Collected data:
┄┄┄┄┄┄

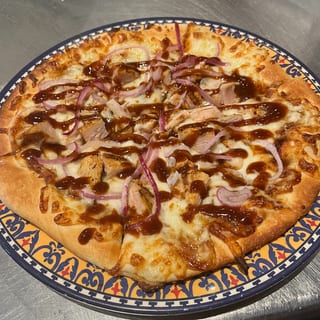 Barbequed Chicken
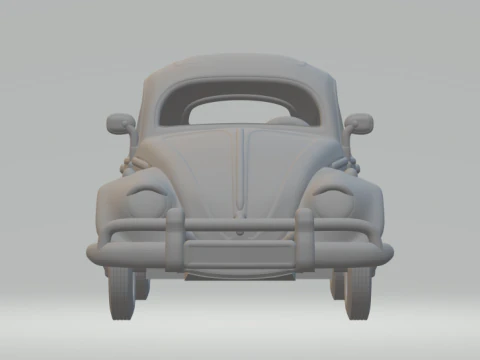 Vw sedan kit 3D Print Model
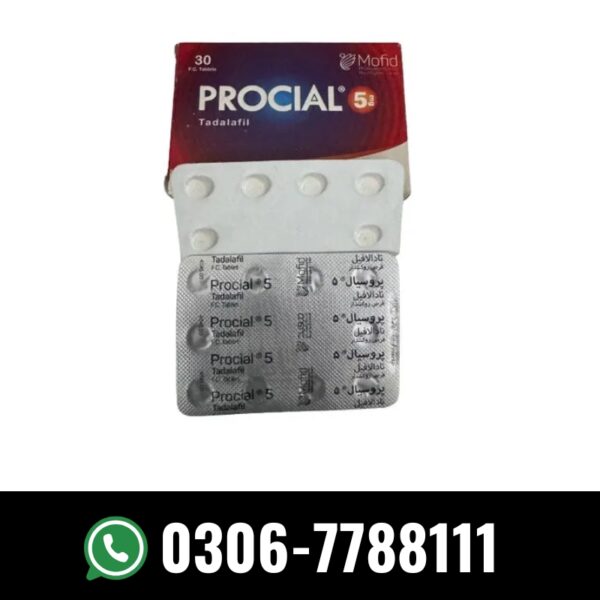 Procial 5mg (Tadalafil) Tablet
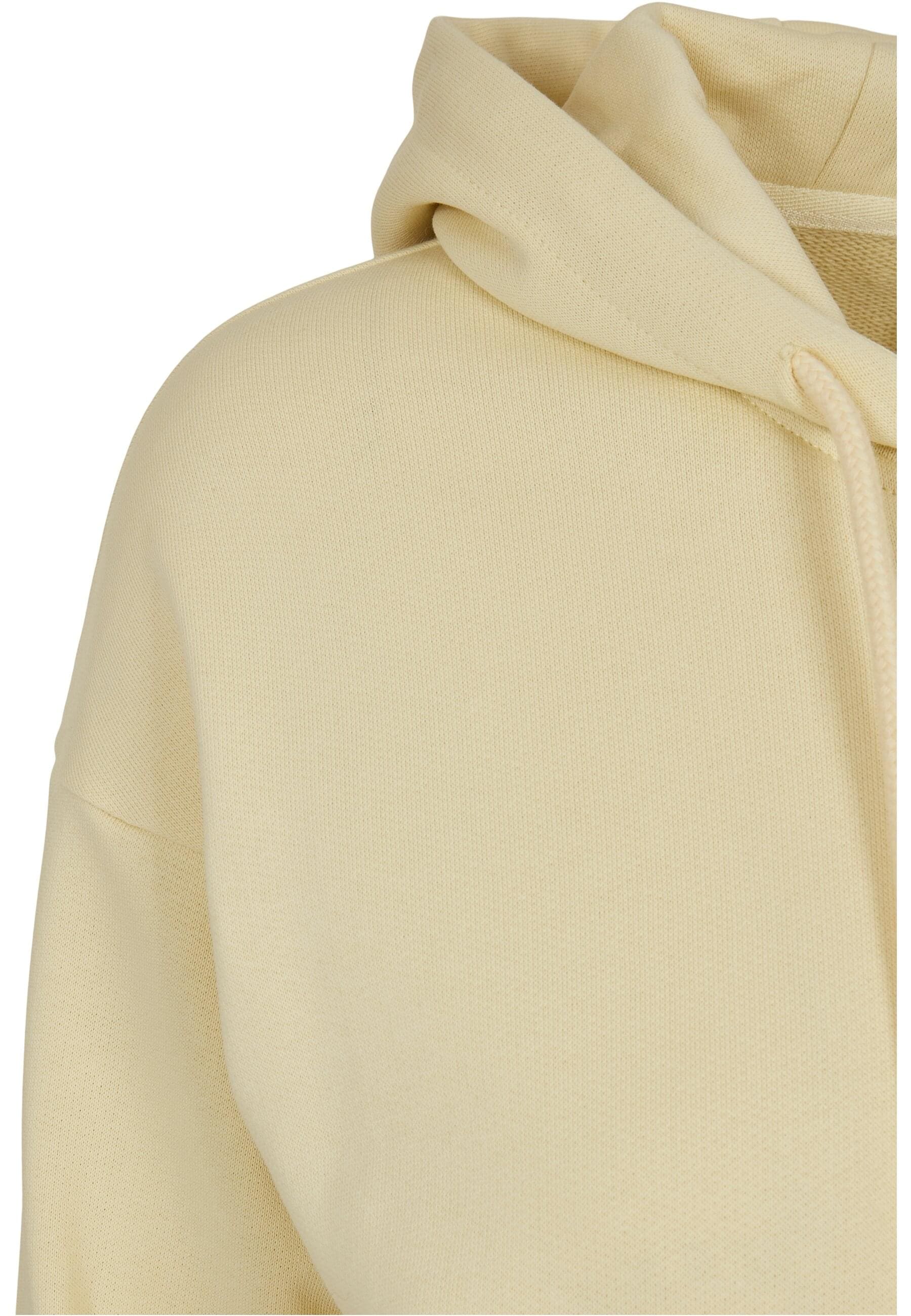 URBAN CLASSICS Sweatjacke »Urban Classics Damen Ladies Organic Terry Zip Hoody«
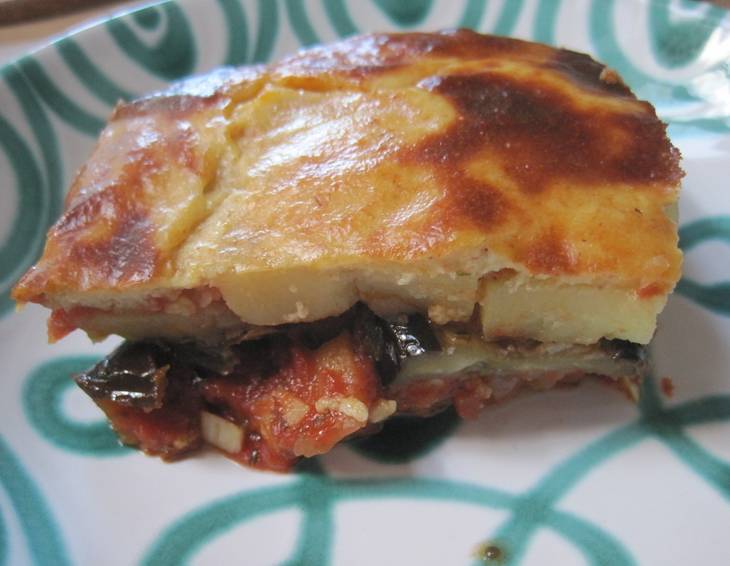 Vegetarisches Moussaka Vegetarisches Moussaka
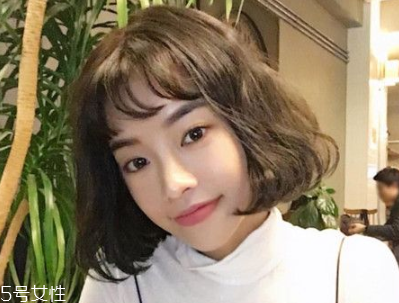 什么臉型適合短發(fā)？顯小的可愛短發(fā)造型圖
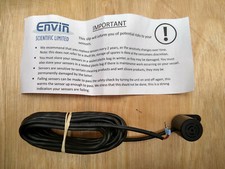 Pilot Replacement Spare Gas Detector Alarm Sensor Head and 3.5m Cable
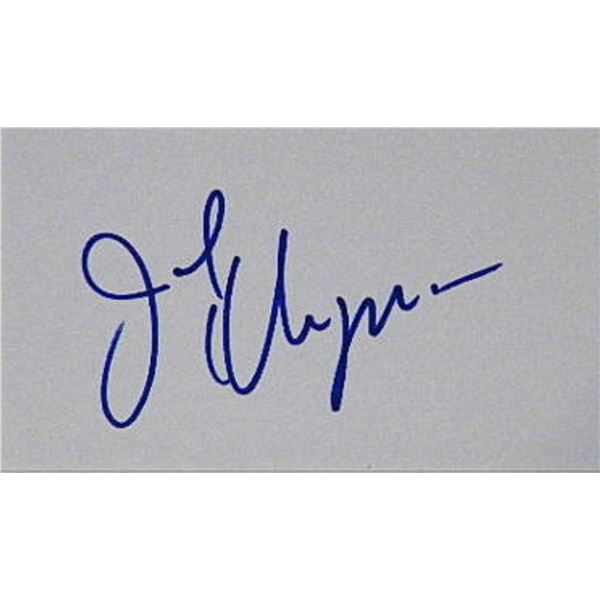 Jack Klugman signature slip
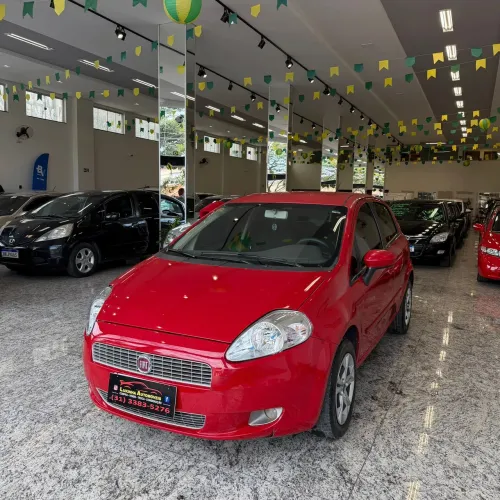 Fiat Punto ELX 1.4 Fire Flex 8V 5P 2009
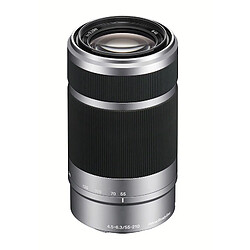 SONY Objectif SEL E 55-210 mm f/4,5-6,3 OSS SILVER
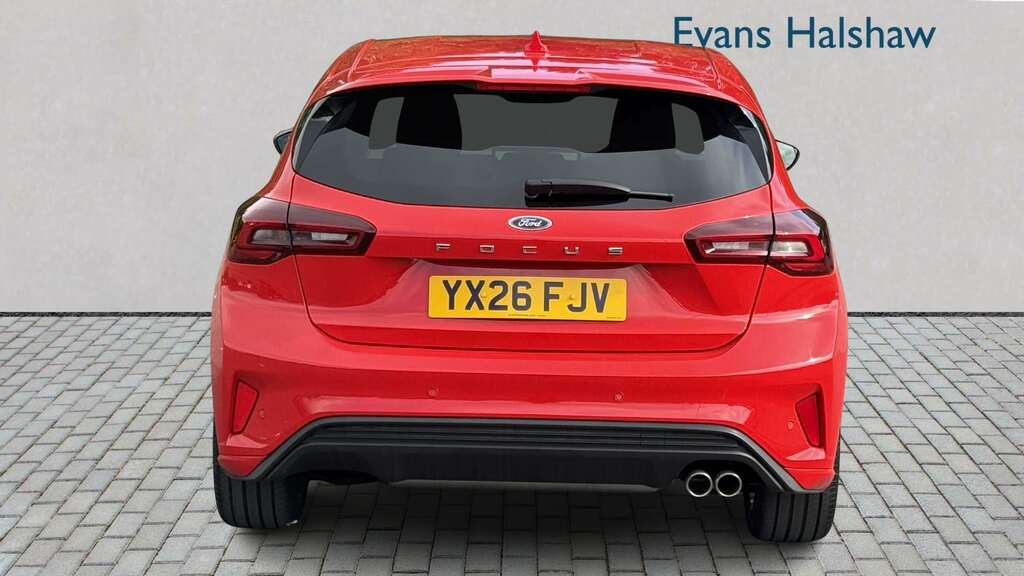 Ford Focus 1.0 Ecoboost Hybrid Mhev 155 St-line X 20 Red #5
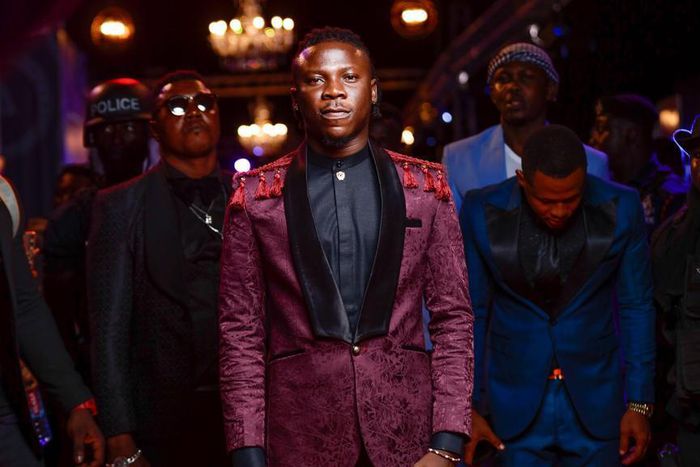 Stonebwoy at the VGMA 2019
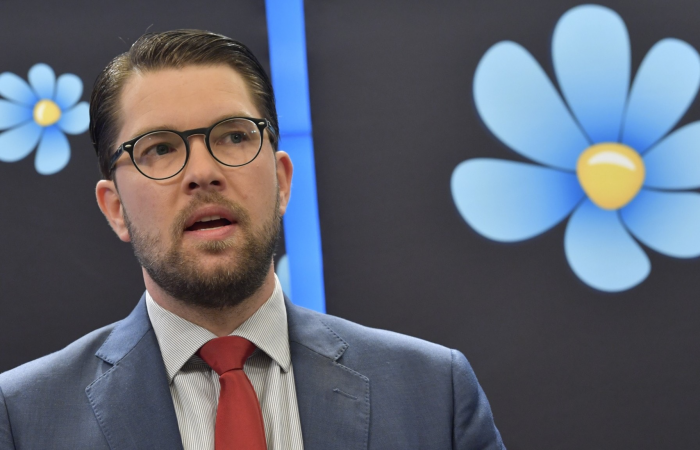Far-right Sweden Democrats projected to be second largest party after general election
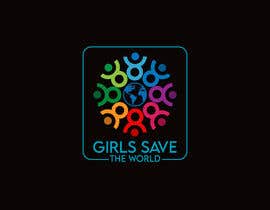 Nro 635 kilpailuun Girls Save the World logo käyttäjältä rajibhasankhan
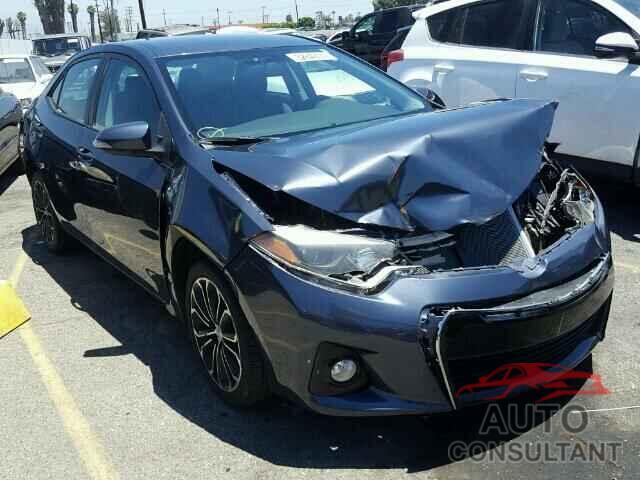 TOYOTA COROLLA 2015 - 5YFBURHE8FP361590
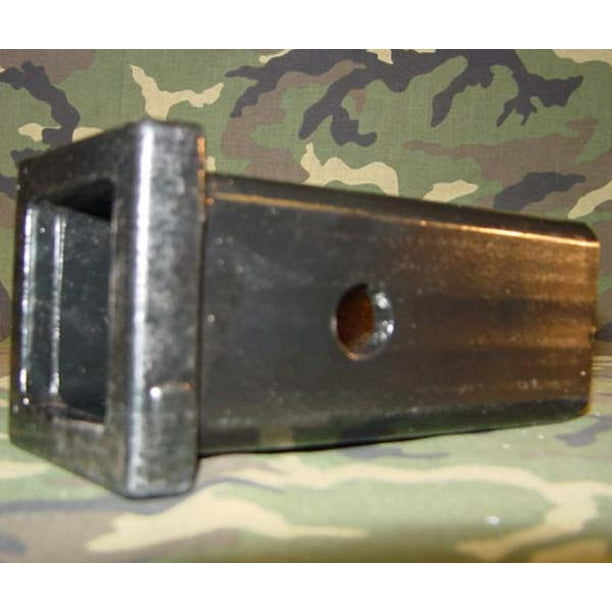 6" X 2" Receiver Tube Hitch Extender Extension Towing Trailer Drop Ball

┄┄┄┄┄┄

**About this task:**
Repeat only the lines from the line with "Procial 5mg (Tadalafil) Tablet" to the end of the entries, including both the first and the last line, and drop every picture.

**Your solution:**
 Procial 5mg (Tadalafil) Tablet
 URBAN CLASSICS Sweatjacke »Urban Classics Damen Ladies Organic Terry Zip Hoody«
 Vegetarisches Moussaka Vegetarisches Moussaka
 什么臉型適合短發(fā)？顯小的可愛短發(fā)造型圖
 Pilot Replacement Spare Gas Detector Alarm Sensor Head and 3.5m Cable
 Jack Klugman signature slip
 Fiat Punto ELX 1.4 Fire Flex 8V 5P 2009
 SONY Objectif SEL E 55-210 mm f/4,5-6,3 OSS SILVER
 Ford Focus 1.0 Ecoboost Hybrid Mhev 155 St-line X 20 Red #5
 Stonebwoy at the VGMA 2019
Far-right Sweden Democrats projected to be second largest party after general election
 Nro 635 kilpailuun Girls Save the World logo käyttäjältä rajibhasankhan
 TOYOTA COROLLA 2015 - 5YFBURHE8FP361590
 6" X 2" Receiver Tube Hitch Extender Extension Towing Trailer Drop Ball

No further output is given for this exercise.